Analysts like the REIT’s core portfolio of office space, which is primarily located in New York City and Washington, DC. Apparently, and for good reason, Vornado also likes its core holdings: Its plans for the future focus on holding on to those assets. It’s easy to see why, with those markets performing more strongly than any other markets in the country. As for the rest of its holdings, the company is weighing several courses of action including a share buyback, splitting itself up, and spinning off noncore operations.
One segment on the chopping block is the company’s portfolio of enclosed shopping malls. (Vornado owns 134 retail properties, including strip centers, malls, and single-tenant assets.) Other than the Springfield Mall under development in Virginia, Vornado hopes to find buyers for its enclosed malls. It will also seek buyers for strip centers that aren’t located in its core markets. Competing with pure-play retail specialists hasn’t come easy for the REIT, and this could be a good time to exit the business.
Also up for grabs is the company’s 33% stake in Toys “R” Us. Vornado has invested in that and other retailers primarily for the real estate they hold. However, the REIT’s earnings on these investments really boil down to the retailers’ operations and not their property assets.

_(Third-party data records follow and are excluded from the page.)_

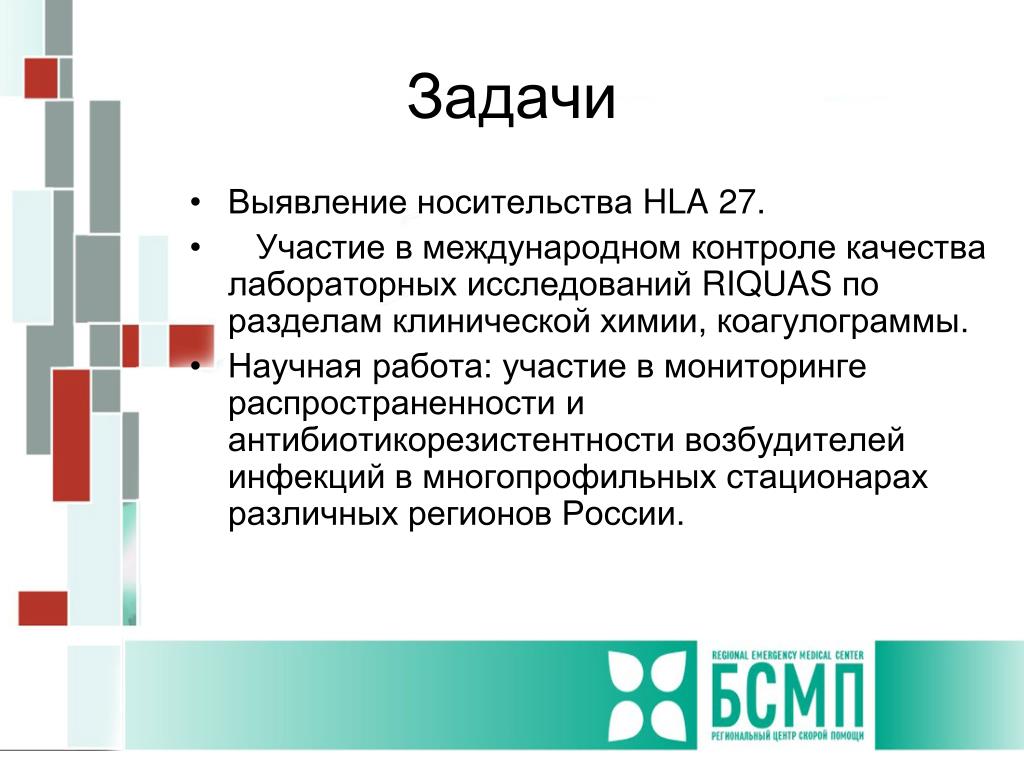 Исследование задачи обнаружения. Анализы клинической химии. Задачи лаборатории НАУКОЛАБ. Клиническая химия и ее задачи.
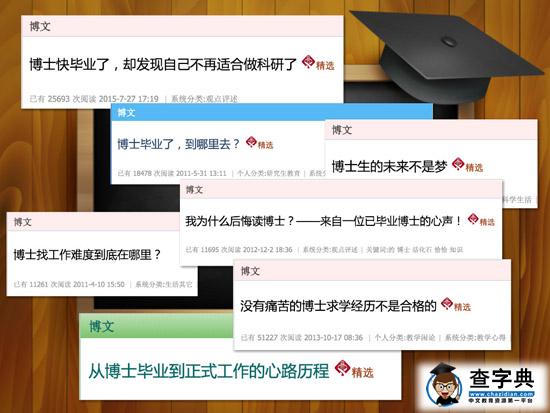 一名博士的疑問：我們要繼續科研還是養家糊口？1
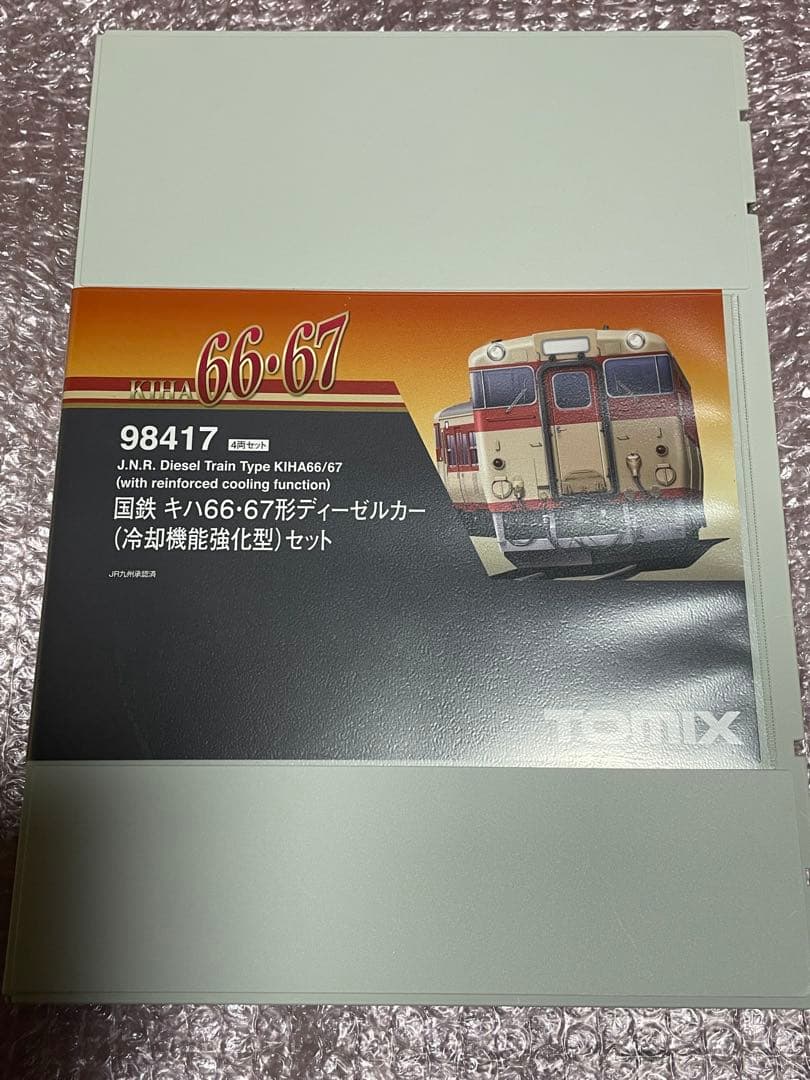 TOMIX キハ66・キハ67形冷却機能強化型 国鉄色とJR九州色の4輛編成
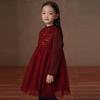 Hacikis Girls' Winter Sleeveless Princess Vest Dress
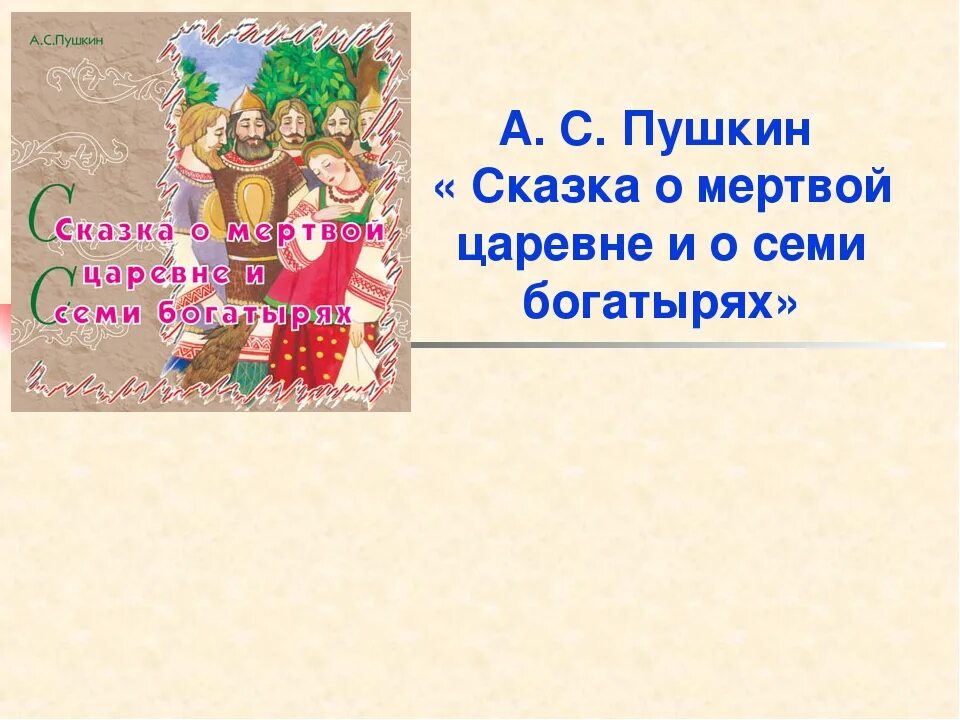 Сказка о мёртвой царевне и семи богатырях картинки. Пушкин а.с. "сказка о мёртвой царевне и семи богатырях". Сказка о мертвой царевне презентация. План сказки о мертвой царевне. Презентация о мертвой царевне семи богатырях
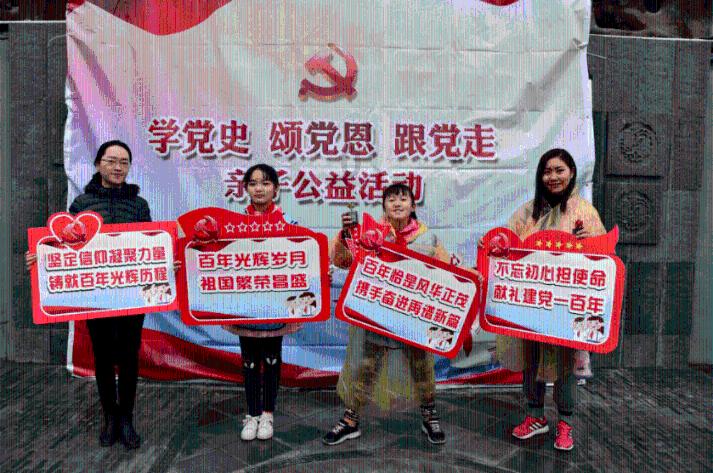 格莱美颁奖典礼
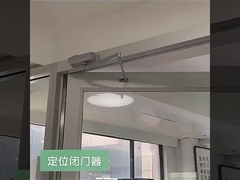 35 kg chiusura porta automatica da 35 kg chiusura porta in acciaio forbici braccio porta in alluminio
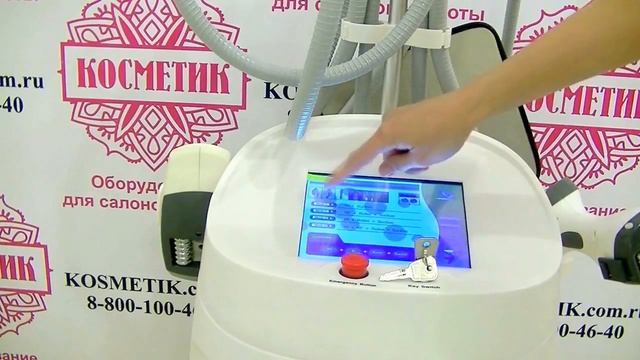 Видеообзор аппарата Slimming I+ смотреть онлайн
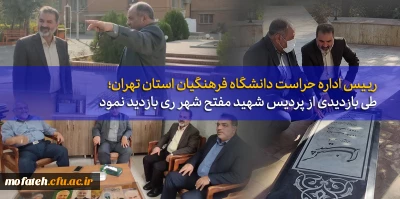 رییس اداره حراست دانشگاه فرهنگیان استان تهران؛

طی بازدیدی از پردیس شهید مفتح شهر ری بازدید نمود 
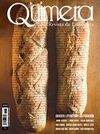 REVISTA QUIMERA Nº 392/393 JULIO - AGOSTO 2016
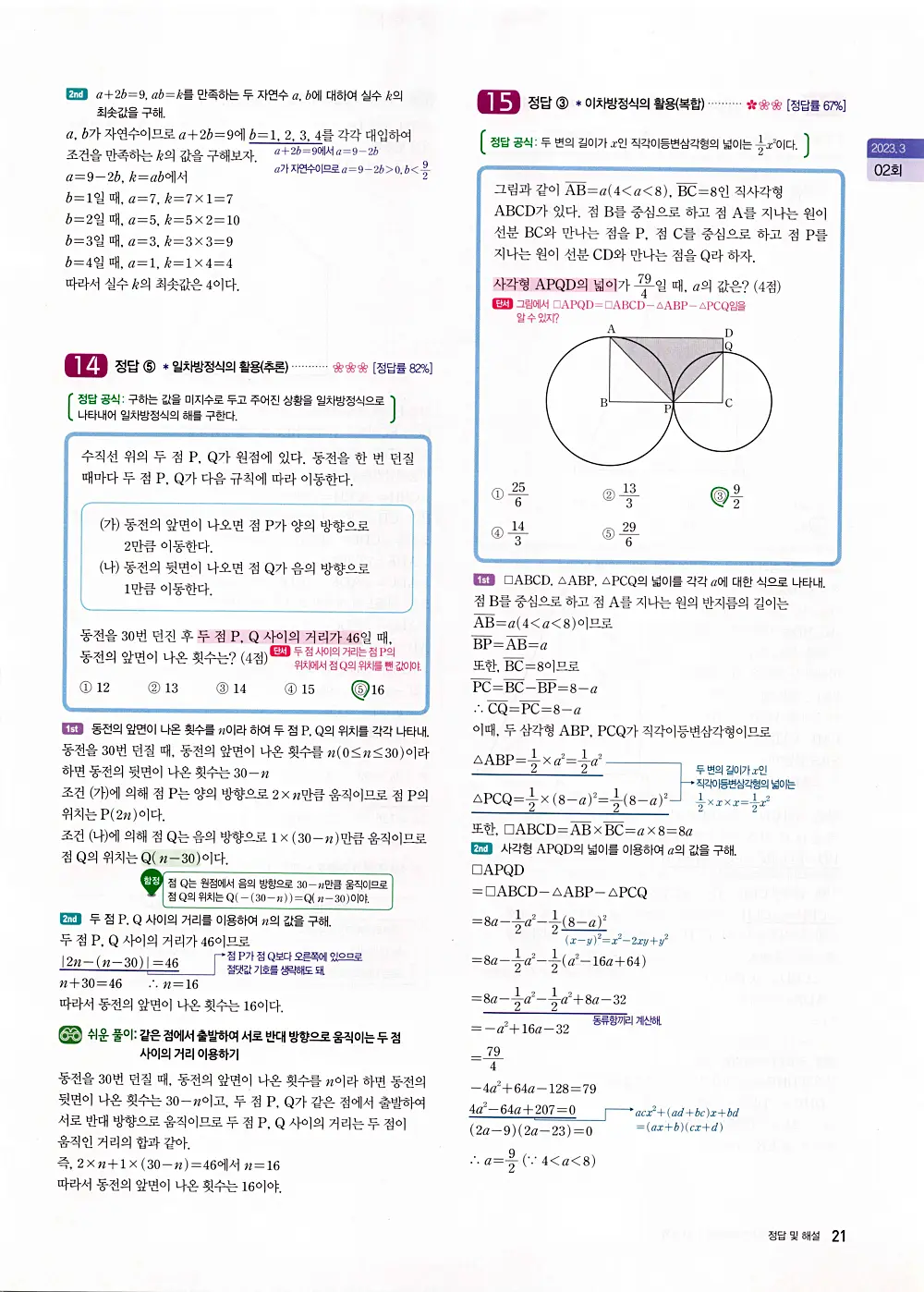 자이스토리 고1 공통수학 답지 23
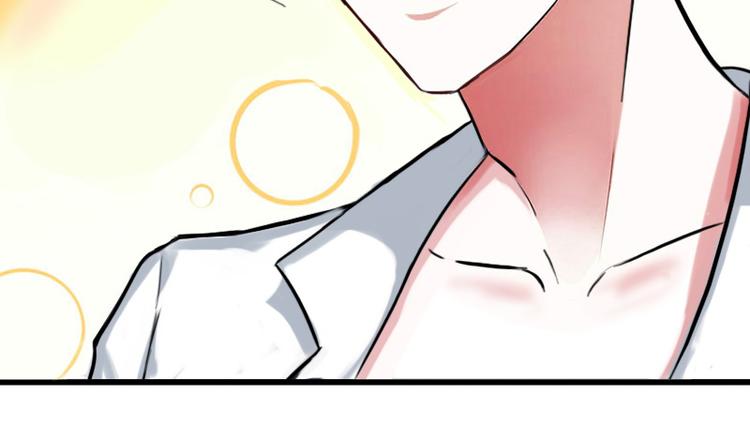 第7话 父亲把我卖了？30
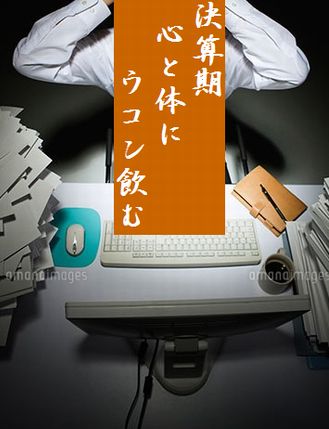 けっさん文字新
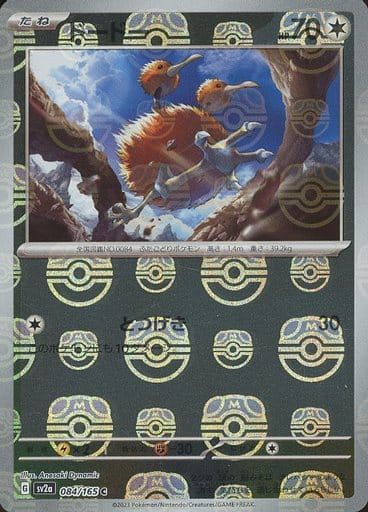 ドードー(マスターボールミラー) C [ポケモンカード151] SV2a 084/165
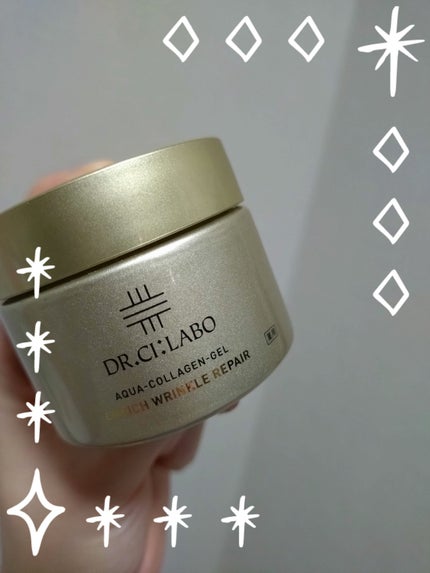 薬用アクアコラーゲンゲル エンリッチリンクルリペア/ドクターシーラボⓇ/フェイスクリームを使ったクチコミ(1枚目)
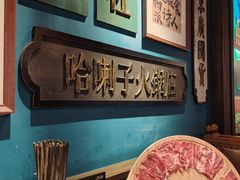 -吼堂老火锅(太古里总店)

Not enough bang for the buck and again, a noncore asset. (Interestingly, Vornado plans to hold on to its stake in J. C. Penney to take advantage of its transformation under new CEO Ron Johnson. Probably a wise decision.)
Vornado has already tried to sell its Merchandise Mart business, which owns a handful of showroom properties including Chicago’s Merchandise Mart and L.A. Mart, as a single unit, but failed to find a buyer. The REIT now plans to unload the properties one-by-one, with the exception of the massive Chicago Merchandise Mart.
So far, the news that Vornado is seeking to reinvent itself has made investors happier: The company’s share prices have climbed from less than $80 to more than $83 in the past couple of days.